Panahi aime aussi fixer sa caméra, quitte à ce que le jeu déborde du cadre, donnant une grande importance au hors-champ. Ce parti pris stylistique lui permet d’insister sur ce qu’il veut montrer, de mettre l’accent sur ce qu’il souhaite transmettre. Il permet aussi de souligner les performances magistrales de ses acteurs, prodigieux d’aisance, de force et de naturel alors qu’ils ont dû tourner dans la clandestinité.
Ce dispositif sert le sujet et le propos du film en accompagnant la quête (l’enquête ?) de Vahid.
L’homme tombé en panne à côté de chez lui est-il son bourreau, celui qui l’a torturé dans les geôles iraniennes ? Sa démarche et le son de sa prothèse semblent le confirmer, mais pris d’un doute après l’avoir assommé (il n’a jamais vu son visage), Vahid va chercher validation auprès d’autres victimes de « la guibole ». La dynamique qui s’installe alors entre ces personnages eux insuffle le rythme au film, les dialogues sont à la fois violents et teintés d’autodérision, souvent même d’humour.
Car le ton est au départ un peu badin, presque léger, avant de progressivement prendre un tour plus sombre alors que le suspense s’intensifie et que le dilemme moral prend de plus en plus de place.
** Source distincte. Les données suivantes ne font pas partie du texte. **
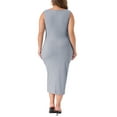 thumbnail image 4 of Agnes Orinda Women's Plus Size Dress Summer Sleeveless Square Neck Bodycon Cocktail Sundress Midi Tank Dress 2X Gray, 4 of 7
Doit-on se faire justice soit même, répondre œil pour œil, dent pour dent à ses tortionnaires lorsqu’on a été injustement emprisonné ? Ou est-on en capacité de pardonner ? Cette question éthique traverse le film de Jafar Panahi en fil rouge, tout comme le constat social et politique qu’il livre sur son pays, condamnant le régime des Mollah et défendant inlassablement la liberté d’expression au risque de se voir à nouveau enfermé.
Alliant le courage politique, la force de l’engagement, l’intelligence et l’excellence formelle, Un Simple Accident avait tout de la parfaite Palme d’Or cannoise. Le Jury ne s’y est pas trompé.
Synopsis : Iran, de nos jours. Un homme croise par hasard celui qu’il croit être son ancien tortionnaire. Mais face à ce père de famille qui nie farouchement avoir été son bourreau, le doute s’installe.